TWO POEMS

By Ginna Luck


There Has Never Been So Many Waist Bins, So Many Banged
Out Old Garbage Lids

 
I ask you to love me and then work every hour toward a feeling of insufficiency so complete it becomes a city of spectacular buildings: a spire about to explode in the sunset, a steal skeleton refracting like an electric dancer, sky-scraped and bleached with lightening. You enter expecting magic to happen and instead a deformed tower rises up in a car lot.

I ask you to love me and then dangle your heart outside an apartment complex like toilet paper aorta smeared and sick with its own pain seeping through a greasy curtain. Another dead condo is about to be toppled cracked, hemorrhaging out a skylight. My clavicle is caving in.

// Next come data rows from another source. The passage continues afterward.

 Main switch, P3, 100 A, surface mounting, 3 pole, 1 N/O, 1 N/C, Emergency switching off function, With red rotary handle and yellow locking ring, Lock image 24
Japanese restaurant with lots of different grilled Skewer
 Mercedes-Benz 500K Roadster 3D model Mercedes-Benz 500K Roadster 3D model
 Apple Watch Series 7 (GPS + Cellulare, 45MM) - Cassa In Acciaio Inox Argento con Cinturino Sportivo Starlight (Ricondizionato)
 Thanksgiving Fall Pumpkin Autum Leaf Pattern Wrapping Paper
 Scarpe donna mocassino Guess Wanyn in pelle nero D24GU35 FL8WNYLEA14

I ask you to love me helplessly from a place of weakness from the ground torn to dirt so there is no steady place to stand. Stay with me. Stay only with me. Stay in the overturned earth and metal of a dead year. In a city that broke up and out of my hands like a cage of cracked windows.

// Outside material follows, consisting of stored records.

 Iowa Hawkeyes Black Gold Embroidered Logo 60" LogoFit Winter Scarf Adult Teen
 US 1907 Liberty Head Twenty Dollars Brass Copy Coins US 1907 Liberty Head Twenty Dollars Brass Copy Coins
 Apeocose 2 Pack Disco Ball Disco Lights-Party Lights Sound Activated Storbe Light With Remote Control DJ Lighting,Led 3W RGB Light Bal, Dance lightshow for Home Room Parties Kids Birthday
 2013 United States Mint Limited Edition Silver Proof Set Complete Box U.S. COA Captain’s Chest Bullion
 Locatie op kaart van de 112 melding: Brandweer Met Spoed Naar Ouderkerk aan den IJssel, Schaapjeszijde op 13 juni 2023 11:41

There is always a fire alarm blaring under my shirt. Always industrialized landscapes up ahead somewhere, machines building new machines building a duplex forest of waste and more waste that can’t be kept. The problem is this is not a city that stops.
 

 

Recovery

 

I thought I shouldn’t listen to the incessant demands of my body.
I thought my hunger was the hollow sky I was in love with. I wanted to feel
my hip bones like their own perfect story
glowing of my brilliant control. I wanted to close my teeth
on my continuing discomfort, uncurl into a ghost that wandered out of myself and into whatever
else was comfortable in the dust like more dust in a column of dusty light
coming down on me in a mindless grimy sunset.

I was caught in its ridiculous hands, alive only in its fingers. I’m talking about denial
so complete, its loss became an unplaceable thing inside me. An unknowable vessel.
A fifty-pound block of my own beefed-up pain, fat and ripe like a dead
horse’s thick, sun crusted meat. Everything moved

ahead in small unequal pieces and outward in every direction. And although there was nothing
left for me to see, I kept seeing all that was not actually there: what I’d always had becoming
the thing I’d lost slowly repeating on the ground next to me, again.

And the stranger I saw looking back through the mirror was a child who could barely
speak, whose face was covered in brambles, and not just covered, tangled over and through
unable, at last, to pretend there was anything else happening.


Ginna Luck's work can be read in Radar Poetry, Gone Lawn, decomP, Hermeneutic Chaos Journal, Bodega, Leveler Poetry and others. She has been nominated for a Pushcart Prize and has an MFA from Goddard College. She currently lives in Seattle with her husband and three boys.